Date: Fri, 10 Mar 2017 15:14:38 +0100
Subject: [PATCH] List/Watch/Get of objects associated with node

---
 contributors/design-proposals/bulk_watch.md | 476 ++++++++++++++++++++
 1 file changed, 476 insertions(+)
 create mode 100644 contributors/design-proposals/bulk_watch.md

diff --git a/contributors/design-proposals/bulk_watch.md b/contributors/design-proposals/bulk_watch.md
new file mode 100644
index 00000000000..64db9053706
--- /dev/null
+++ b/contributors/design-proposals/bulk_watch.md
@@ -0,0 +1,476 @@
+# Background
+
+ As part of increasing security of a cluster, we are planning to limit the
+ability of a given Kubelet (in general: node), to be able to read only
+resources associated with it. Those resources, in particular means: secrets,
+configmaps & persistentvolumeclaims. This is needed to avoid situation when
+compromising node de facto means compromising a cluster. For more details &
+discussions see https://github.com/kubernetes/kubernetes/issues/40476.
+ 
+ However, by some extension to this effort, we would like to improve scalability
+of the system, by significantly reducing amount of api calls coming from
+kubelets. As of now, to avoid situation that kubelet is watching all secrets/
+configmaps/... in the system, it is not using watch for this purpose. Instead of
+that, it is retrieving indidual objects, by sending individual GET requests.
+However, to enable automatic updates of mounted secrets/configmaps/..., Kubelet
+is sending those GET requests periodically. In large clusters, this is
+generating huge unnecessary load, as this load in principle should be
+watch-based. We would like to address this together with solving the
+authorization issue.
+
+
+# Proposal
+
+ In this proposal, we're not focusing on how exactly security should be done.

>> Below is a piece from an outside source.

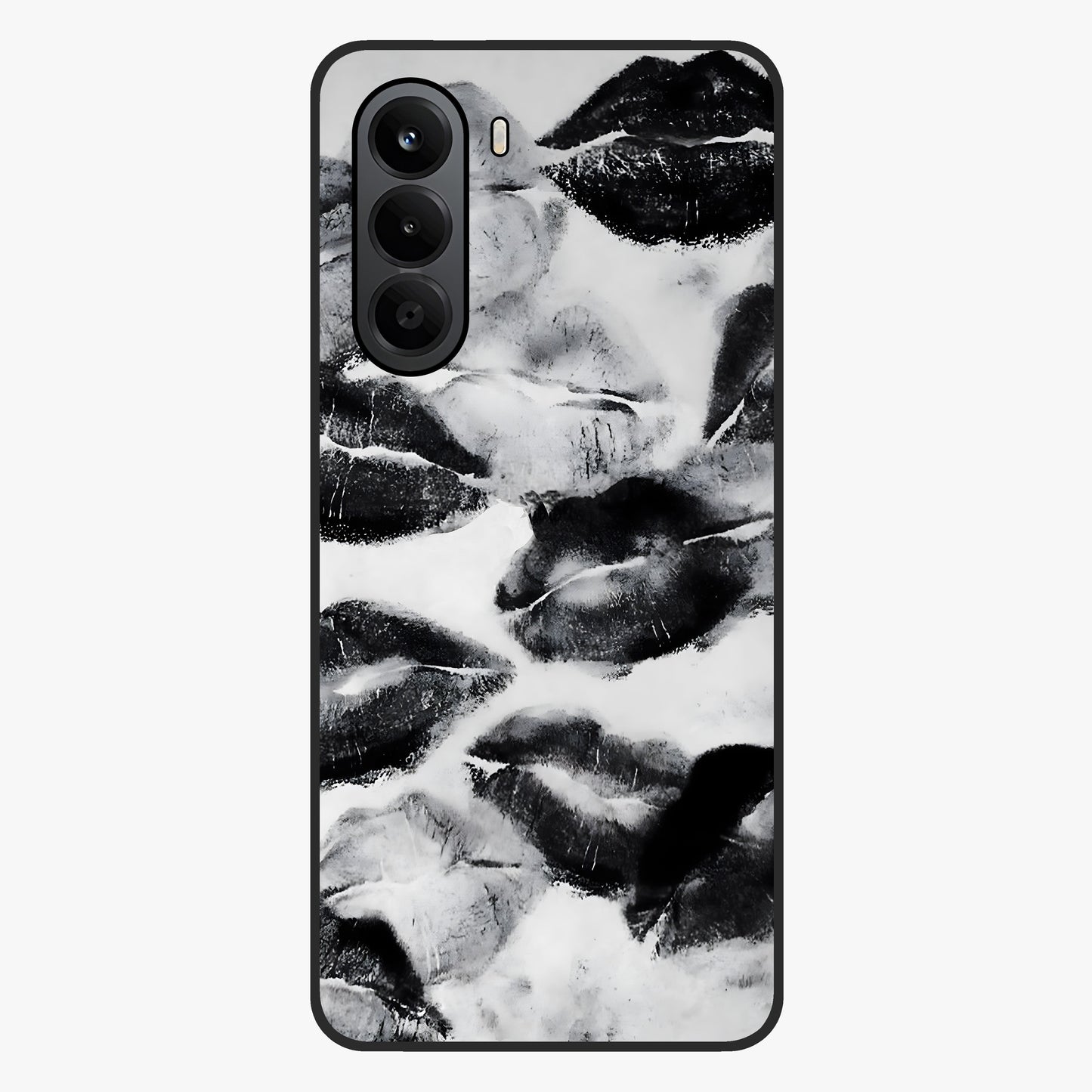 Midnight Kiss Marks Glass Case showing flat back view with lipstick kiss mark artwork and glossy glass finish.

+We're just sketching very high level approach and exact authorization mechanism
+should be discussed separately.
+
+ At the high level, what we would like to achieve is to enable LIST and WATCH
+requests to support more sophisticated filtering (e.g. we would like to be able
+to somehow ask for all Secrets attached to all pods bound to a given node in a
+single LIST or WATCH request). However, the design has to be consistent with
+authorization of other types of requests (in particular GETs).
+
+ To solve this problem, we propose to introduce the idea of `bulk watch ` and
+`bulk get ` (and in the future other bulk operations). This idea was already
+appearing in the community and now we have good usecase to proceed with it.
+
+ Once a bulk watch is set up, we also need to periodically verify its ACLs.

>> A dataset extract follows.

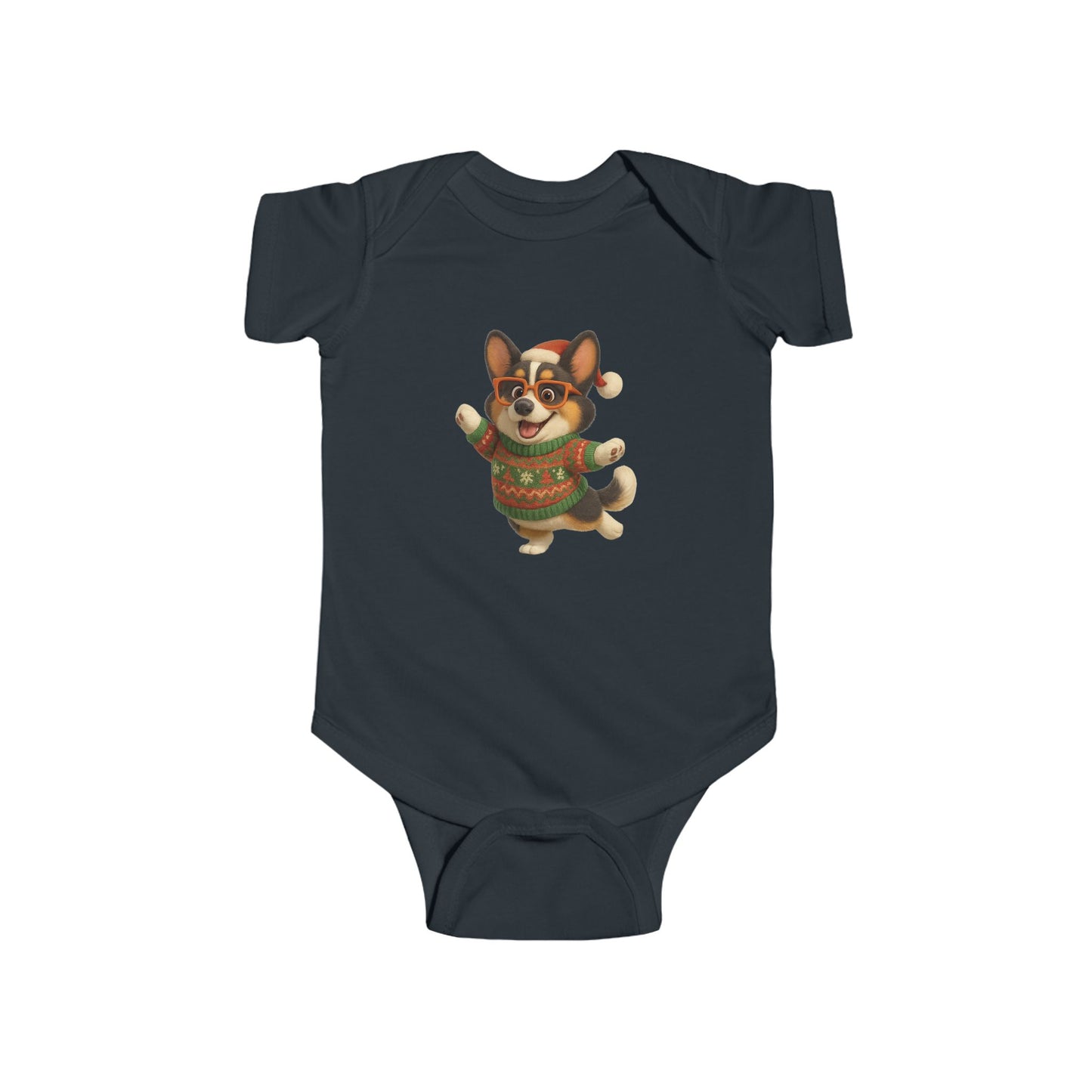 Infant Bodysuit — Festive Corgi in Christmas Sweater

+Whenever a user (in our case Kubelet) loses access to a given resource, the
+watch should be closed within some bounded time. The rationale behind this
+requirement is that by using (bulk) watch we still want to enforce ACLs
+similarly to how we enforce them with get operations (and that Kubelet would
+eventually be unable to access a secret no matter if it is watching or
+polling it).
+
+ That said, periodic verification of ACLs isn't specific to bulk watch and
+needs to be solved also in `regular` watch (e.g. user watching just a single
+secret may also lose access to it and such watch should also be closed in this
+case). So this requirement is common for both regular and bulk watch. We
+just need to solve this problem on low enough level that would allow us to
+reuse the same mechanism in both cases - we will solve it by sending an error
+event to the watcher and then just closing this particular watch.
+
+ At the high level, we would like the API to be generic enough so that it will
+be useful for many different usecases, not just this particular one (another
+example may be a controller that needs to deal with just subset of namespaces).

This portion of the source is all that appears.